When I decided to stop eating dairy, red meat and fowl (protein), it got complicated. I like hard data. The U.S. Government guidelines on protein intake are not hard and fast. Then I factor in that our Gov. Guidelines are sometimes flat wrong and that experts don’t alway agree on this question, probably because they are not sure. But, for sure, we need protein.

Proteins are the main building blocks of our bodies. We need them to make muscles, tendons, organs and even your skin, the biggest organ of the body. Proteins are also a source of energy. What makes protein? Molecules (amino acids) are linked together like beads on a string. These linked molecules form long protein chains folded into different shapes.

Right about now, my readers’ attention may be diminishing so let me offer this:

  1. You need protein because it has its hands in every critical function of the body.
  2. There are complete (animal proteins) and incomplete proteins (plant proteins).
  3. There are nine essential amino acids (we need to eat them) and nonessential that are produced in our liver.
  4. Many people in this country don’t need as much as they are taking in and many are getting too much protein from animal sources.
  5. Protein sates so if you don’t get enough you feel hungry, and you are not taking care of your body’s needs.
  6. After 70, you may need to up your intake of protein.

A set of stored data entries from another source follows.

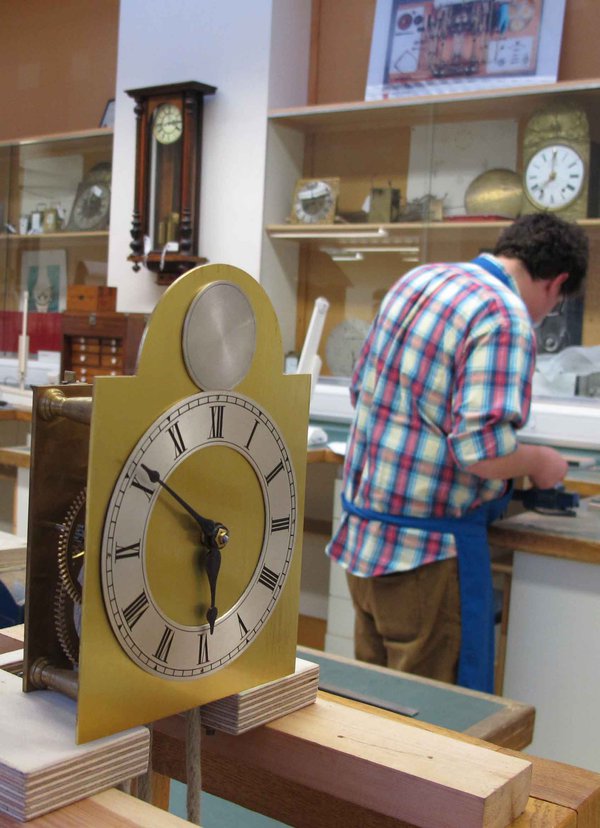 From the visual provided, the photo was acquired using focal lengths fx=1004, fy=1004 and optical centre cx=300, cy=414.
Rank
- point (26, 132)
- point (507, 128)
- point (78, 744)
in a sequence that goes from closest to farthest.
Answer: point (78, 744), point (507, 128), point (26, 132)

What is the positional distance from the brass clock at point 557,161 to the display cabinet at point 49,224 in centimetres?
243

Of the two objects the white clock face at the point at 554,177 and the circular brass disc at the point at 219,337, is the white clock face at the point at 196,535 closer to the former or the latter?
the circular brass disc at the point at 219,337

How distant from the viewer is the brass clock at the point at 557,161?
13.4ft

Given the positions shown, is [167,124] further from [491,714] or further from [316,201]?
[491,714]

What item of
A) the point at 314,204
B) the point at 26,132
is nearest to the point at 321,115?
the point at 314,204

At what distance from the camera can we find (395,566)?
6.67 ft

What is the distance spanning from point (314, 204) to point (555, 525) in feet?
9.77

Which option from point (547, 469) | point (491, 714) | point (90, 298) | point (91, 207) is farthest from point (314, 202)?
point (491, 714)

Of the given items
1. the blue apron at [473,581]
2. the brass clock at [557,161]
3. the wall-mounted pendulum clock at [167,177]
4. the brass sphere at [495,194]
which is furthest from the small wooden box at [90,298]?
the blue apron at [473,581]

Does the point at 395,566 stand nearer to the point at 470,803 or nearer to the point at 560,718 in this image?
the point at 560,718

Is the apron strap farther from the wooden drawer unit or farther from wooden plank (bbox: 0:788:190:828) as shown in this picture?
the wooden drawer unit

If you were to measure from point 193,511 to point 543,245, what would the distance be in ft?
5.83

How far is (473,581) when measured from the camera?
79.7 inches

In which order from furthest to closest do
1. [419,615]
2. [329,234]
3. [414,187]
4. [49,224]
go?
1. [49,224]
2. [329,234]
3. [414,187]
4. [419,615] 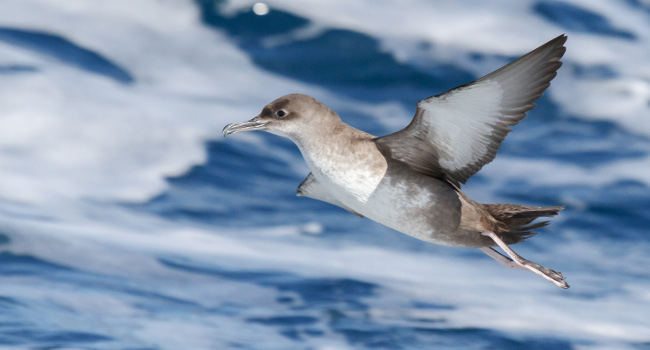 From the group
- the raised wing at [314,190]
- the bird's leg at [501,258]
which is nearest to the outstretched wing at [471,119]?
the bird's leg at [501,258]

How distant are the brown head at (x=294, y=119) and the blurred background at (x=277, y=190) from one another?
1187 cm

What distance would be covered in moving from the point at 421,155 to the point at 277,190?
55.6 feet

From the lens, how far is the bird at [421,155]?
5.19 meters

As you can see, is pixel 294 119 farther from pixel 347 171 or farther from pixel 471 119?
pixel 471 119

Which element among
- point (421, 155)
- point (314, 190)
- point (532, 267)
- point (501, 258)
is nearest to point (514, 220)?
→ point (501, 258)

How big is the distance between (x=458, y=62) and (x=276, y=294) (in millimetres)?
8553

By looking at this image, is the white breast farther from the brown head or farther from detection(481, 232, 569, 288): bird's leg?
detection(481, 232, 569, 288): bird's leg

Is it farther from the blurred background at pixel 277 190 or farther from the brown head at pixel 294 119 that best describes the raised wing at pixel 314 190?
the blurred background at pixel 277 190

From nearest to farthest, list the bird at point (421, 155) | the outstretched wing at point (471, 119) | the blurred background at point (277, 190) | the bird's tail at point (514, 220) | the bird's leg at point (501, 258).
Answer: the outstretched wing at point (471, 119) < the bird at point (421, 155) < the bird's tail at point (514, 220) < the bird's leg at point (501, 258) < the blurred background at point (277, 190)

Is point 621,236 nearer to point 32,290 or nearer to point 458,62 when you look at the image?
point 458,62

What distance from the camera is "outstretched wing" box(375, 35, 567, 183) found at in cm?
486

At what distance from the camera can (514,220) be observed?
5.90 meters

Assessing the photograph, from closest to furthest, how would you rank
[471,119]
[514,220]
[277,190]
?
1. [471,119]
2. [514,220]
3. [277,190]

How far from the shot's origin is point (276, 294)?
65.0ft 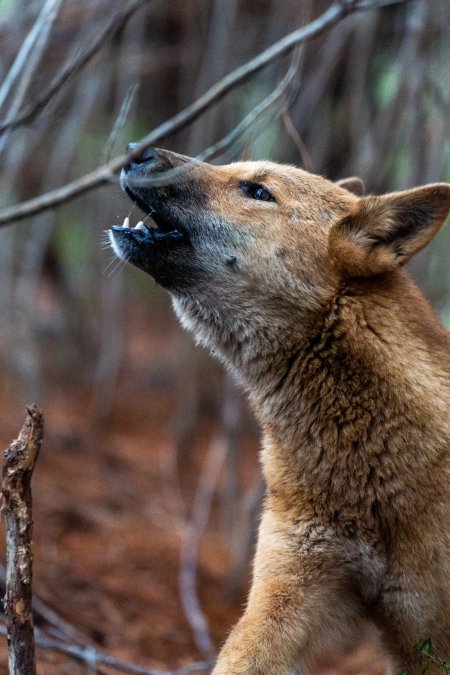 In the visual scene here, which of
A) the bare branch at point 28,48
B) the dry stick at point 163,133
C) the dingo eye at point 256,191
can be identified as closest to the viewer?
the dry stick at point 163,133

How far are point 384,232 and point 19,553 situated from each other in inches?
65.4

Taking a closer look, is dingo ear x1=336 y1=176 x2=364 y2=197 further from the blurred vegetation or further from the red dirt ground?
the red dirt ground

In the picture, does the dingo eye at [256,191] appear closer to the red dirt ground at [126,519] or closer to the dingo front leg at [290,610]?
the dingo front leg at [290,610]

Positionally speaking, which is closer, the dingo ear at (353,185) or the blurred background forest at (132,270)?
the dingo ear at (353,185)

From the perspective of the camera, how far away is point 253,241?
3230mm

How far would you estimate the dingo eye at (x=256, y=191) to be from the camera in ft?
10.8

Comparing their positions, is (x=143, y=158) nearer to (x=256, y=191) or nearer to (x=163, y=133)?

Adults in the U.S. are encouraged to get about 46 grams of protein for women and 56 grams of protein for men. An 8-ounce steak with 50 grams of protein satisfied my daily need.

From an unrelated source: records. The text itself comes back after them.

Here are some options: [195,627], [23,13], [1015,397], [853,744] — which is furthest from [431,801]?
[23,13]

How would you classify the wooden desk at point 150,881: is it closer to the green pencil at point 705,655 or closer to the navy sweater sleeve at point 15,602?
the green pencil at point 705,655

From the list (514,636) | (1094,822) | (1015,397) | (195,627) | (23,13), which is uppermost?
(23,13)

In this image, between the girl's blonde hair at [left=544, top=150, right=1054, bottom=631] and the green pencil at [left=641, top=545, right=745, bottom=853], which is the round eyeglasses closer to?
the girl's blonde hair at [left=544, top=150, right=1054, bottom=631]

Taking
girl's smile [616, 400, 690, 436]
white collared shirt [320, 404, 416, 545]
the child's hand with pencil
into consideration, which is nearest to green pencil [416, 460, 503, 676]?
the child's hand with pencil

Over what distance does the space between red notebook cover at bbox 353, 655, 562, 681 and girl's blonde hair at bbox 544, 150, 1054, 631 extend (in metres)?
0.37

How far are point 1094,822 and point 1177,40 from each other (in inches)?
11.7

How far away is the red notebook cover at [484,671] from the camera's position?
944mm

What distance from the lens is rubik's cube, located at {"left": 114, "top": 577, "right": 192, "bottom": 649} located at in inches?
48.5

Plants-based proteins are “incomplete,” meaning they lack some amino acid building blocks. However, I soon learned that edamame and green soybeans are complete proteins—they contain all nine essential amino acids. Also, by combining plant proteins, rice and beans on pita bread they become “complete.”

My new eating regiment required great discipline and an open mind. Often I felt hungry, but not tired. Few times a month, I’d enter all the food I eat to make sure I was getting enough protein and calcium. Two or three years later, I’d taken off about 20 pounds (never my focus) and generally felt good, but I’d felt pretty good before as well.

The first chart shows one day’s food intake of protein, where it came from, and how it translates to protein. I often start with a soy green tea latte because it takes care of 47% of my protein and 40% of calcium and it tastes great.


2 thoughts on “Protein

  1. Edith, do you make your own whole wheat bread in the Vitamix? Also, I seem not able to digest soy milk well. I do use almond milk for many things but I don’t see that on your list. 14.3 grams of a liquid converts to how many ounces? Also, what do you use the cocoa powder in? Ok – that’s all the questions for now.

    • Becky, almond milk is not a good source of protein. Beans and quinoa are good sources and of course, show wheat. I have made my whole wheat in the Vitamix and plan to grind my own grain in it, but that part has not gone beyond talking. Also, keep in mind that the amount of protein we really need is debated, but with that I go with more rather than less.